■ **Task requirements**
In the data below, repeat the line containing "GUCCI GG Marmont" and every following line exactly, up to and including the last line. Exclude pictures.

(Recorded data)
::::::
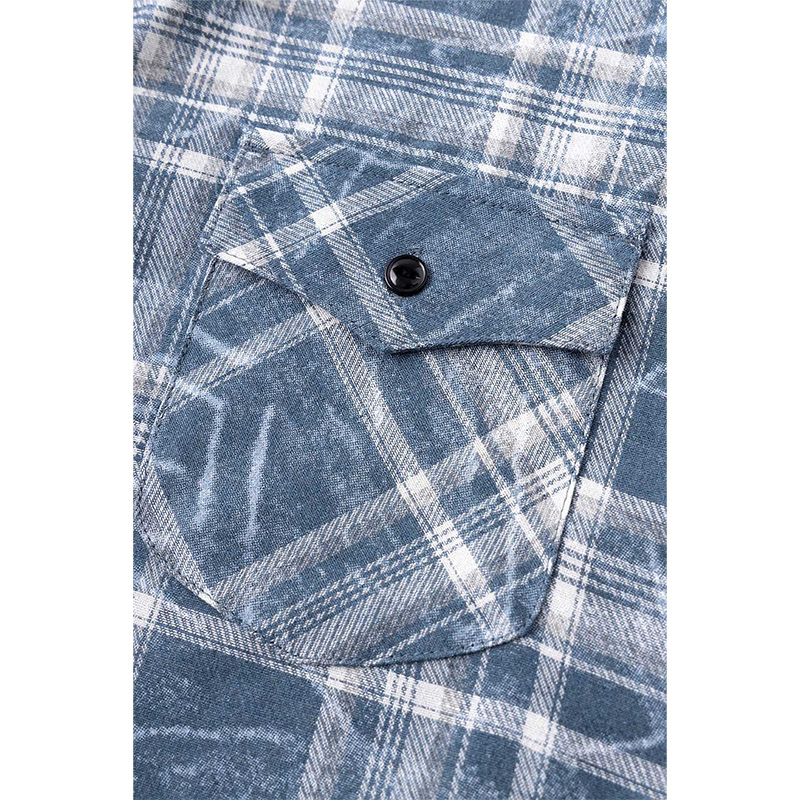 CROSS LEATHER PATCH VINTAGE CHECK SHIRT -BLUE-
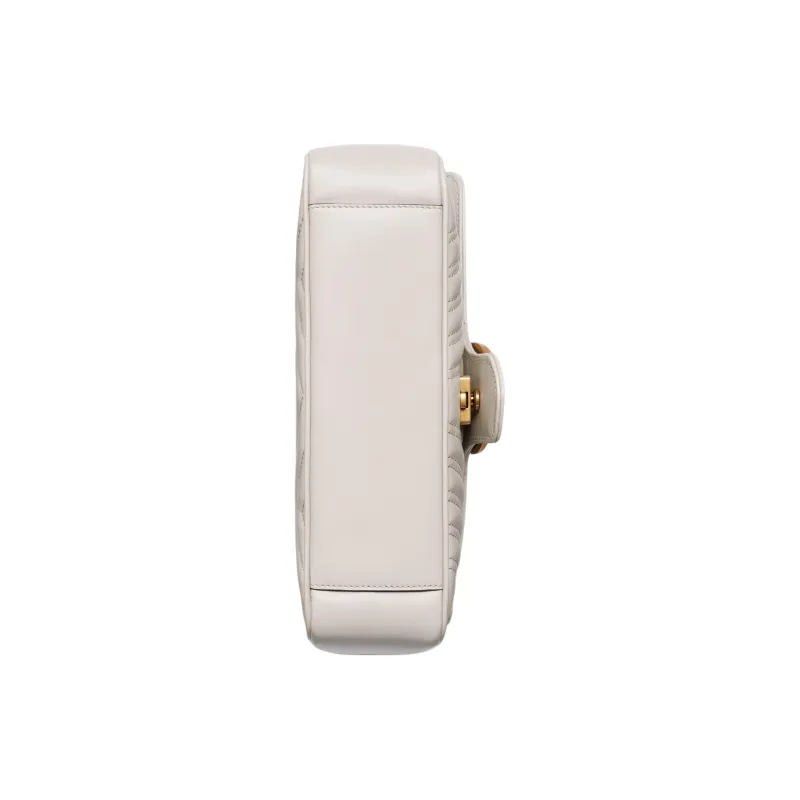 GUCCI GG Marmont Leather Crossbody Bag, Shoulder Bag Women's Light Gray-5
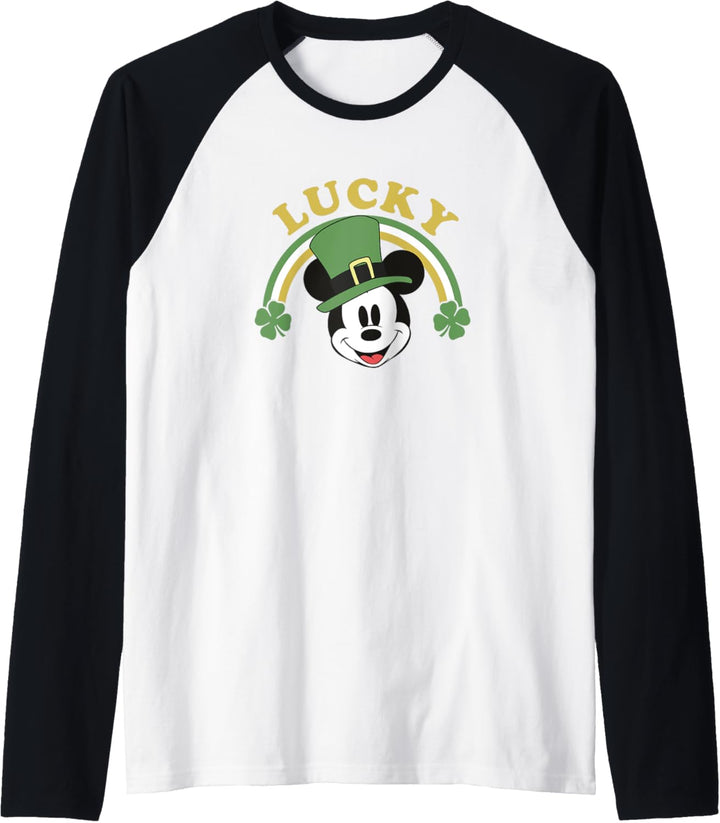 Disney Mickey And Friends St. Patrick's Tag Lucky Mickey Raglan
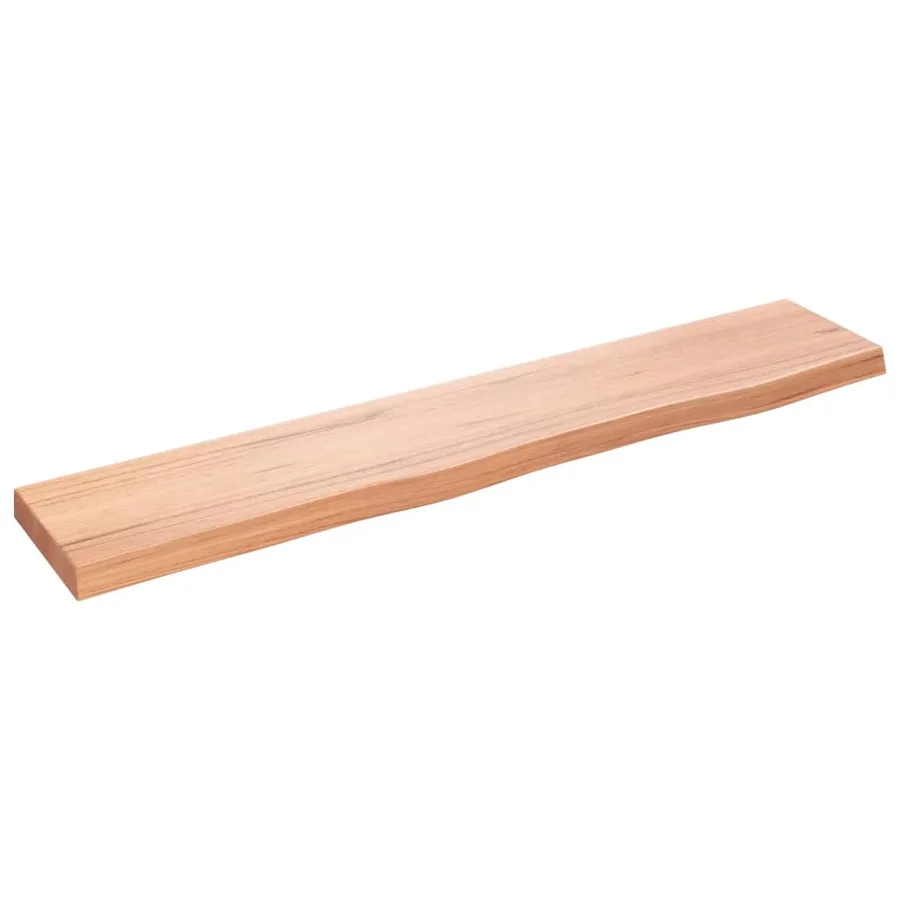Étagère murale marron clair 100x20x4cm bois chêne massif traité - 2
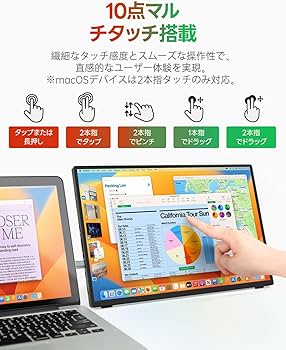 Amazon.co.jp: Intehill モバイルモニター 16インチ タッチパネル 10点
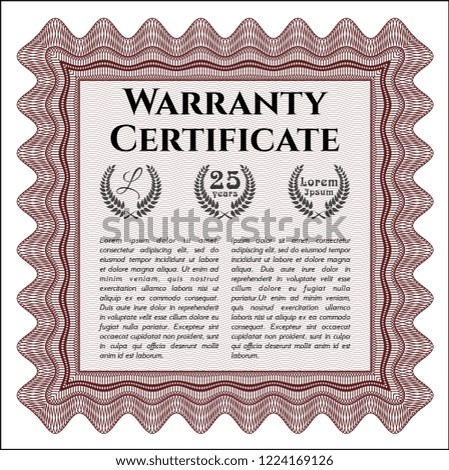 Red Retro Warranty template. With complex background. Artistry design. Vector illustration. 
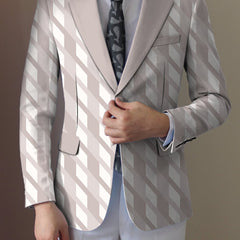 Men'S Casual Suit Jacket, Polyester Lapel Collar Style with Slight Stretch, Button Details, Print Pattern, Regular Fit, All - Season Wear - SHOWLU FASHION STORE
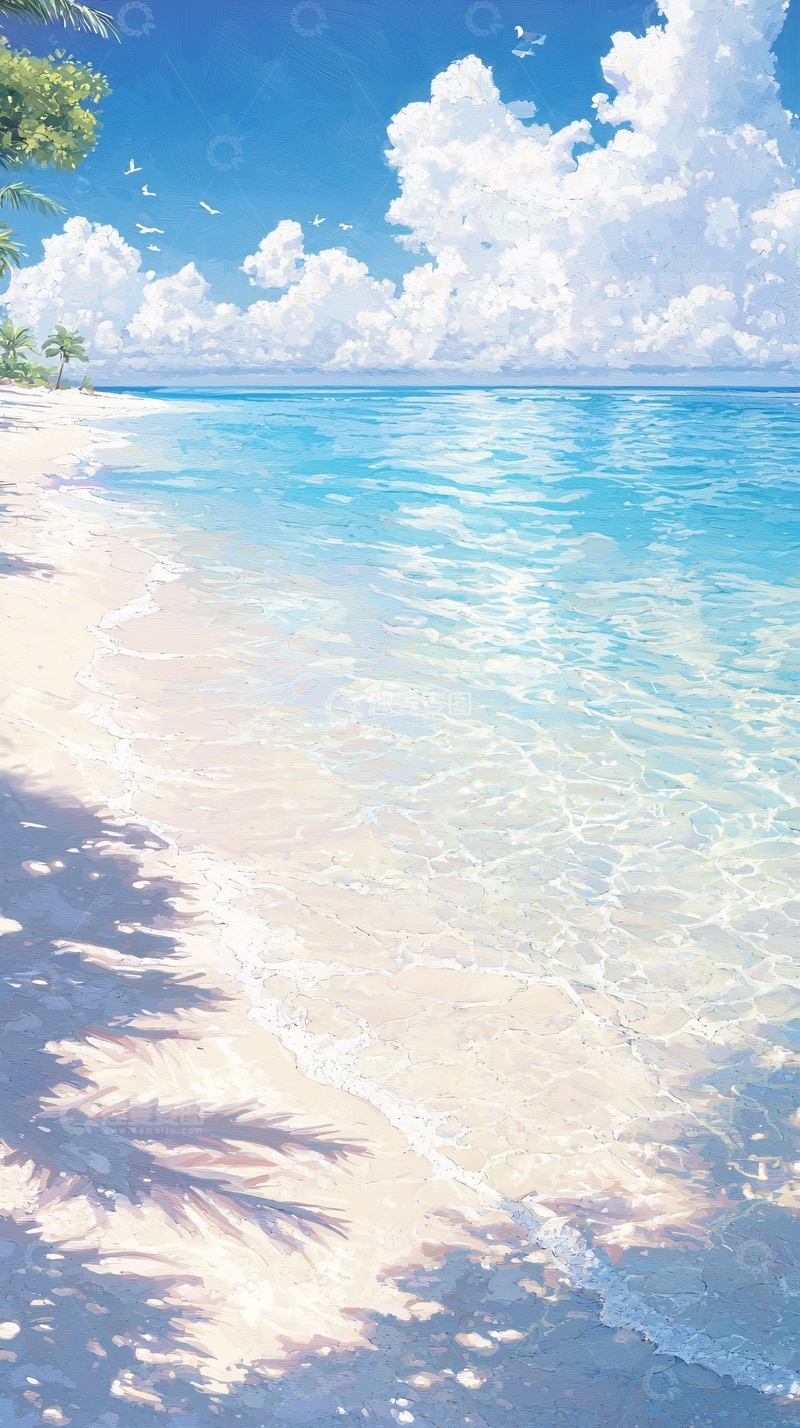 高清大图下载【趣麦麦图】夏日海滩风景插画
::::::
■ **Answer to this problem**
 GUCCI GG Marmont Leather Crossbody Bag, Shoulder Bag Women's Light Gray-5
 Disney Mickey And Friends St. Patrick's Tag Lucky Mickey Raglan
Étagère murale marron clair 100x20x4cm bois chêne massif traité - 2
 Amazon.co.jp: Intehill モバイルモニター 16インチ タッチパネル 10点
 Red Retro Warranty template. With complex background. Artistry design. Vector illustration. 
 Men'S Casual Suit Jacket, Polyester Lapel Collar Style with Slight Stretch, Button Details, Print Pattern, Regular Fit, All - Season Wear - SHOWLU FASHION STORE
 高清大图下载【趣麦麦图】夏日海滩风景插画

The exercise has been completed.